■ **Task item**
Nothing but the text of the listing, repeated exactly, belongs in the answer; leave the images out.

■ **Dataset**
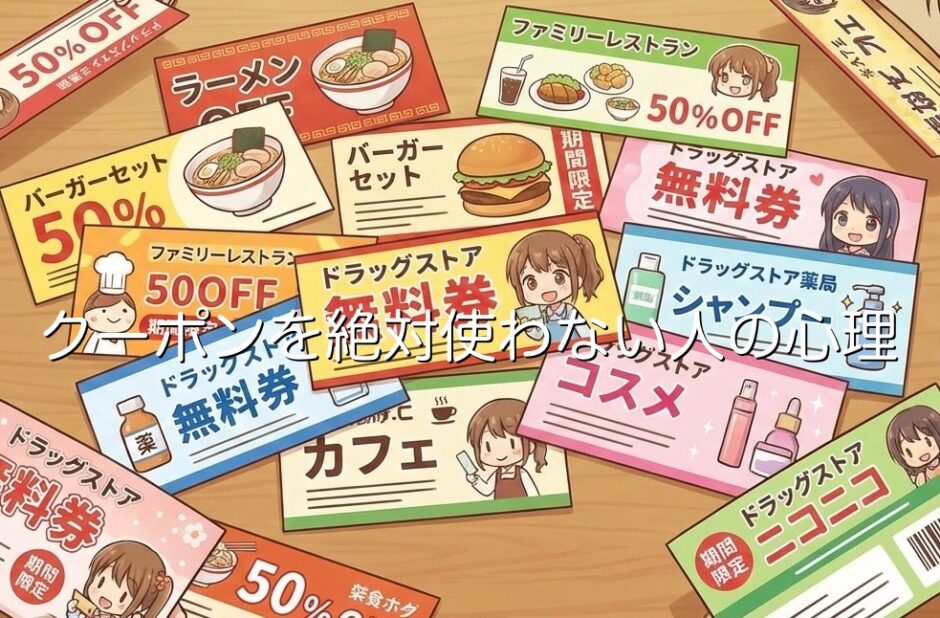 クーポンを絶対に使わない人の心理3選！意味ない・めんどくさい理由を解説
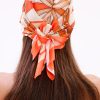 Altın Zincir Model Fular Bandana Şal Estascarf 70x70 Cm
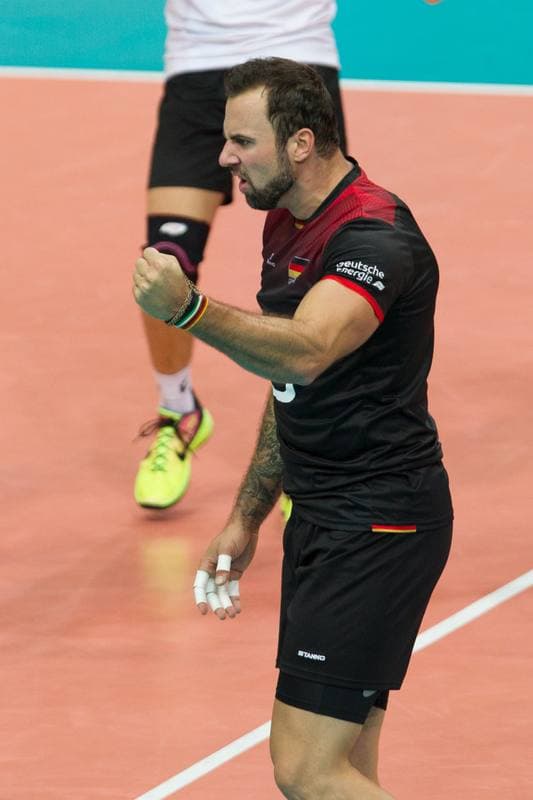 Volleyball. CEV EuroVolley. Germany - Czech Republic. 31.08.2017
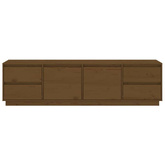 vidaXL Szafka pod TV, miodowy brąz, 176x37x47,5cm, lite drewno sosnowe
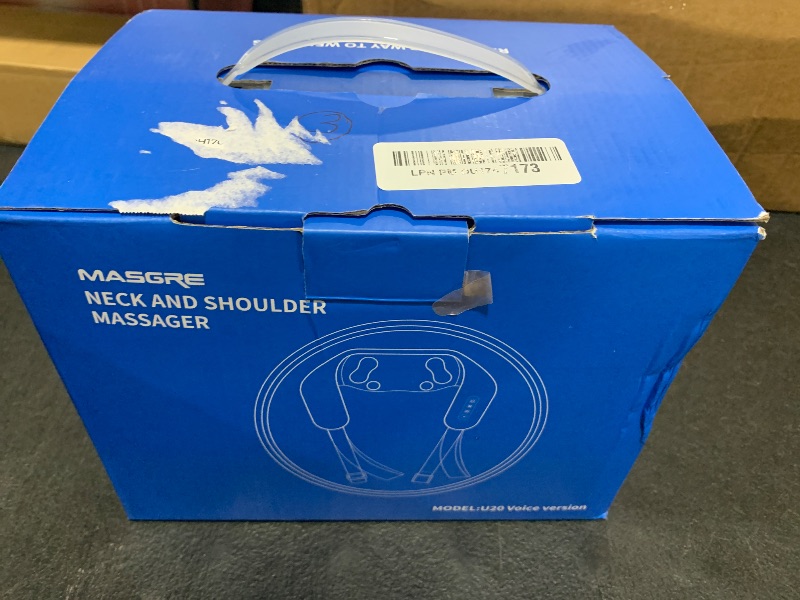 Photo 1 of MASGRE Shiatsu Back and Neck Massager, Cordless Shoulder Massager with Heat, Electric Deep Tissue 3D Kneading Massage Pillow for Shoulder, Leg, Body Muscle Pain Relief, Gifts for Men Women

■ **Result of this task**
 クーポンを絶対に使わない人の心理3選！意味ない・めんどくさい理由を解説
 Altın Zincir Model Fular Bandana Şal Estascarf 70x70 Cm
 Volleyball. CEV EuroVolley. Germany - Czech Republic. 31.08.2017
 vidaXL Szafka pod TV, miodowy brąz, 176x37x47,5cm, lite drewno sosnowe
 Photo 1 of MASGRE Shiatsu Back and Neck Massager, Cordless Shoulder Massager with Heat, Electric Deep Tissue 3D Kneading Massage Pillow for Shoulder, Leg, Body Muscle Pain Relief, Gifts for Men Women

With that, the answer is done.